New research by the Bank shows the cost of adapting to an approximately 2°Centigrade warmer world by 2050 is in the range of US $75 billion to US$100 billion a year—of which Asia-Pacific’s share is highest. The findings are part of a forthcoming World Bank report on the Economics of Climate Change which notes the bulk of this investment will be needed to improve and adapt infrastructure including drainage and public buildings, coastal zones, water supply and flood protection. This will account for about 54 percent of adaptation costs, while roads will account for 23 percent.
This highlights the importance of achieving concrete results at the forthcoming UN Climate Change Conference in December in Cancun. While the World Bank Group is not a party to the negotiations, it is deeply concerned that without progress on climate change, progress on global poverty reduction will be undermined. The Bank is actively working with the UN Framework Convention on Climate Change and client countries, including in EAP, towards supporting an eventual global deal and enabling action on the ground.
The World Bank has an approximately US$1.5 billion Disaster Risk Management (DRM) portfolio in East Asia and the Pacific. While the bulk of it is targeted at sustainable reconstruction following earthquakes in China and Indonesia, new initiatives include Climate Change Development Policy Loans in Vietnam and Indonesia, risk modeling for the Mekong delta and a proposed Catastrophe Risk Financing framework for the Pacific islands. Over US$300 million is currently invested in pilots and scaling up of programs that have successfully helped poor communities cope better with disasters, DRM capacity building and early warning systems. The increasingly transnational impact of disasters underlines the importance of strengthening partnerships in disaster risk management and climate change adaptation. The World Bank, through the Global Facility for Disaster Reduction and Recovery (GFDRR) and its donor members, is emerging as an integral part of the evolving global climate adaptation financing architecture.

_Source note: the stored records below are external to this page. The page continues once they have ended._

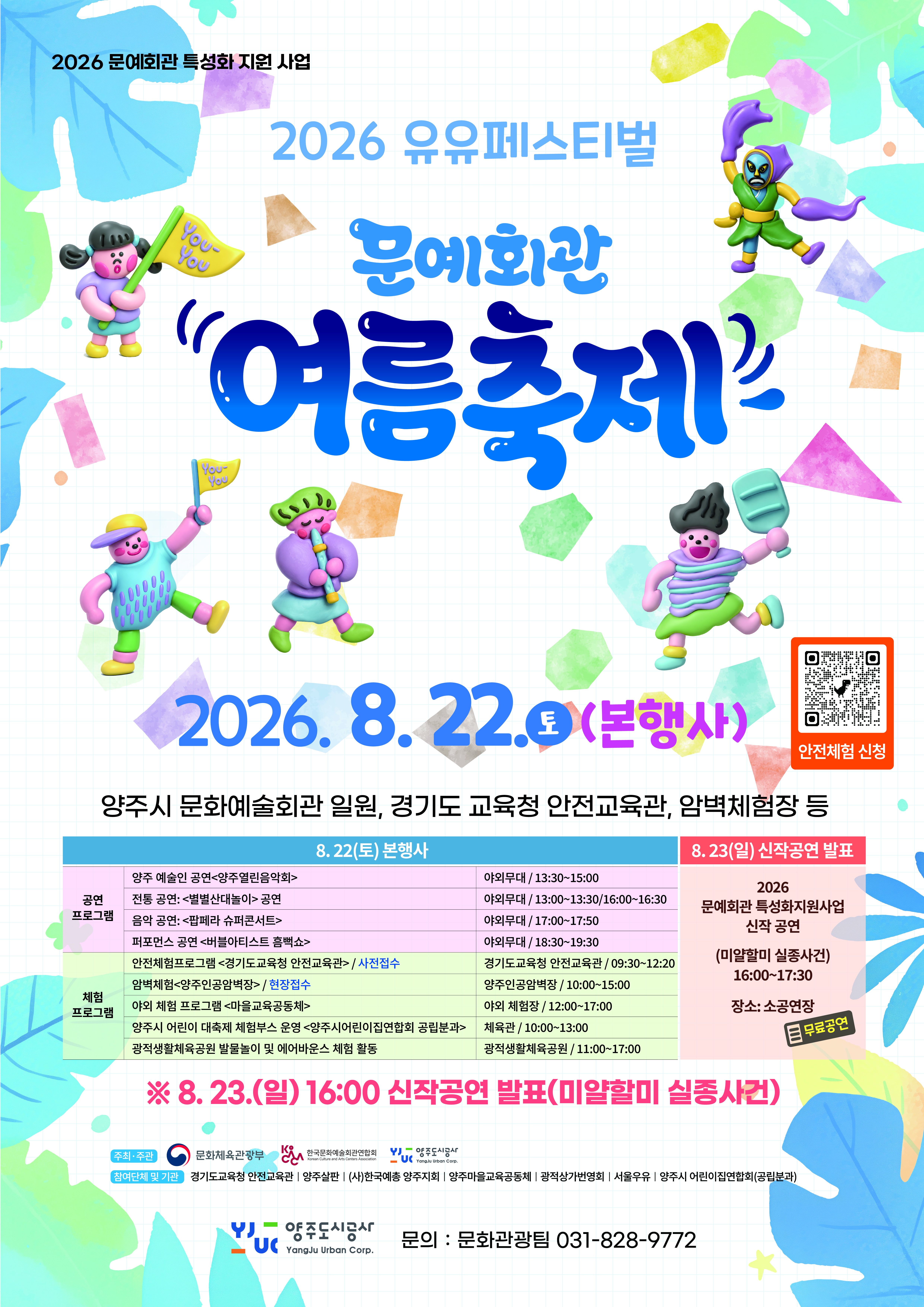 포스터(최종).jpg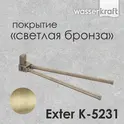 Держатель полотенец WasserKRAFT Exter K-5200 K-5231
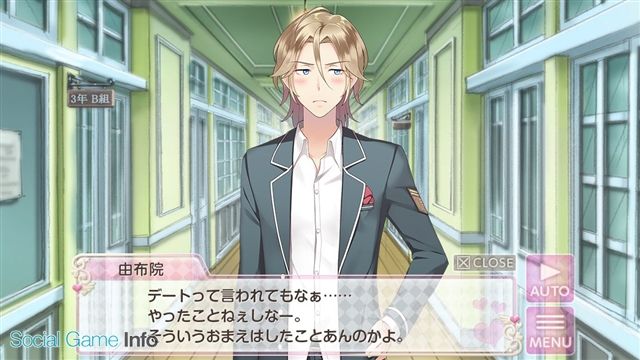 美男高校地球防衛部love Game みんなのアプリ 美男高校地球防衛部love Game みんなのアプリ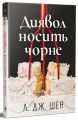 Диявол носить чорне. Л. Дж. Шен. Видавництво РМ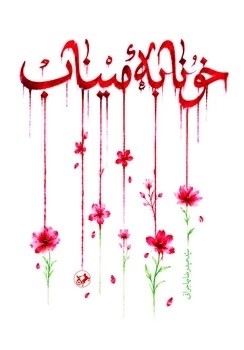  کتاب خونابه میناب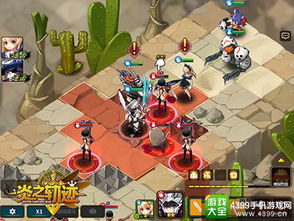 (消失的轨迹手游)追寻消失的轨迹921服：一次全新的游戏体验在新开服中诞生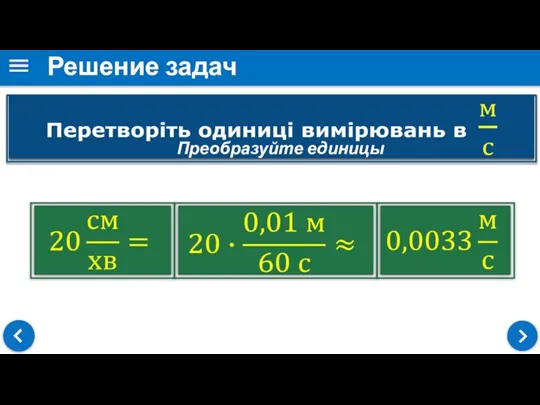 Решение задач Преобразуйте единицы измерения в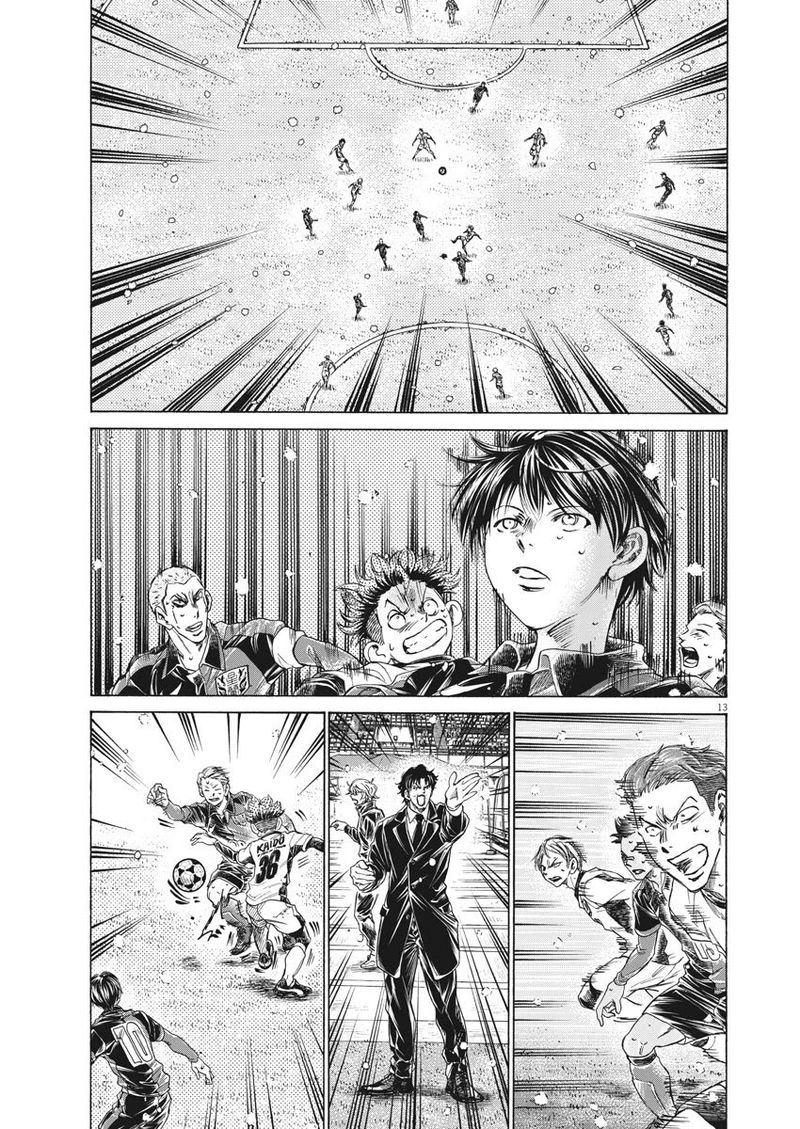 Ao Ashi Chapter 269 Page 13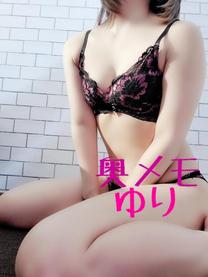 �����͂�...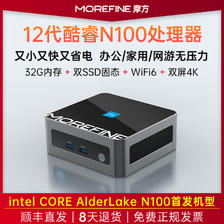 MOREFINE 摩方 M8M9intel12代酷睿N100N95迷你主机 win11办公家用游戏微型mini小电脑 7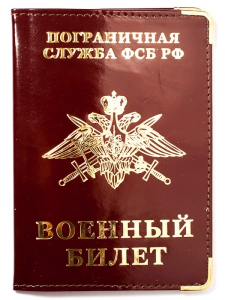 Обложка ПВХ на военный билет «Погранвойска РФ»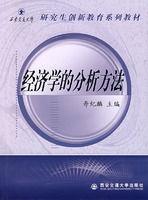 經濟學的分析方法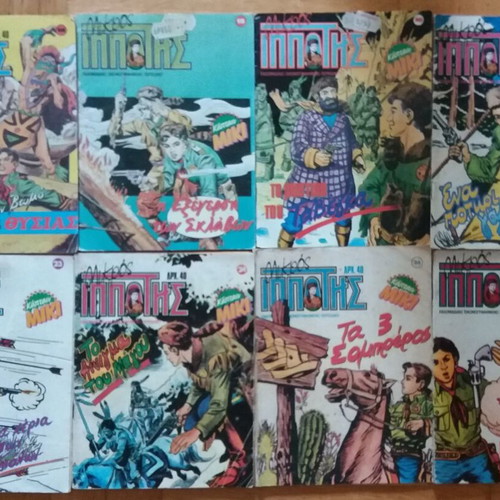 Mikros Ippotis comics used, volumes and issues set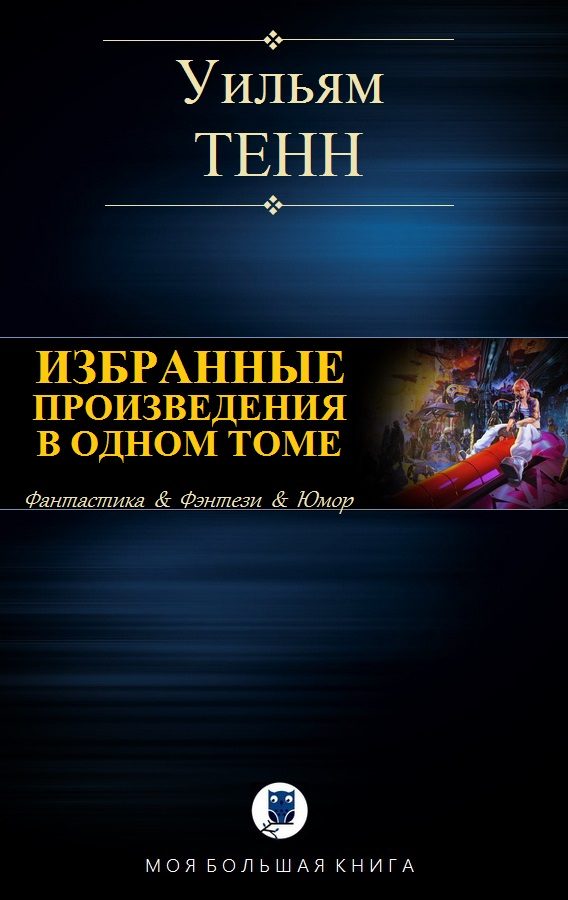 Обложка книги «Избранные произведения в одном томе»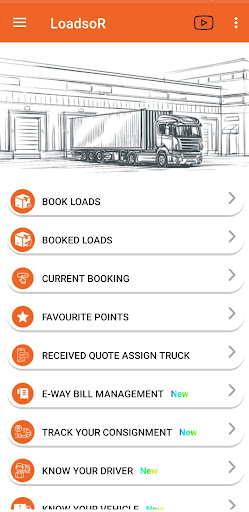 LoadsoR Screen 3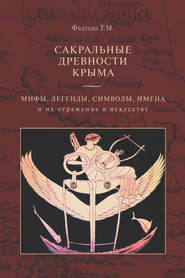 Сакральные древности Крыма. Мифы, легенды, символы, имена и их отражение в искусстве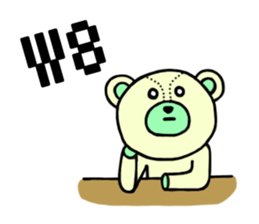 Abbreviation bear sticker #4083364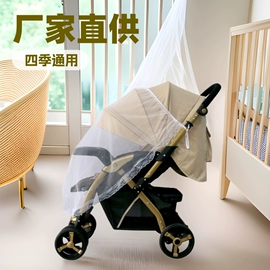 婴儿推车;婴儿床;宠物推车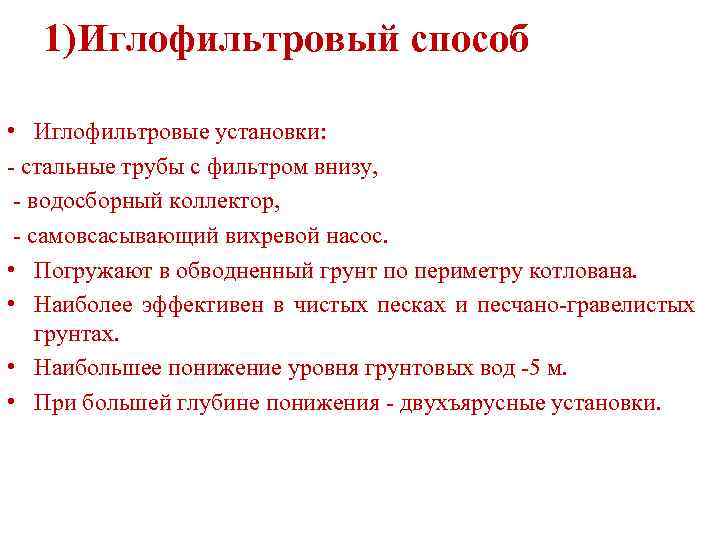 1)Иглофильтровый способ • Иглофильтровые установки: - стальные трубы с фильтром внизу, - водосборный коллектор,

“The increased demand from countries for preventive investments in disaster risk reduction in areas like early warning systems, community-based disaster risk management and resilient infrastructure indicates a growing awareness of the risks posed to decades of hard-won growth and poverty reduction from climate change and disasters,” said Abhas Jha, World Bank Program Leader for Disaster Risk Management in East Asia and Pacific. “The World Bank and its partners are responding to this demand in a number of innovative ways with new financial instruments, risk analysis of investments and capacity building.”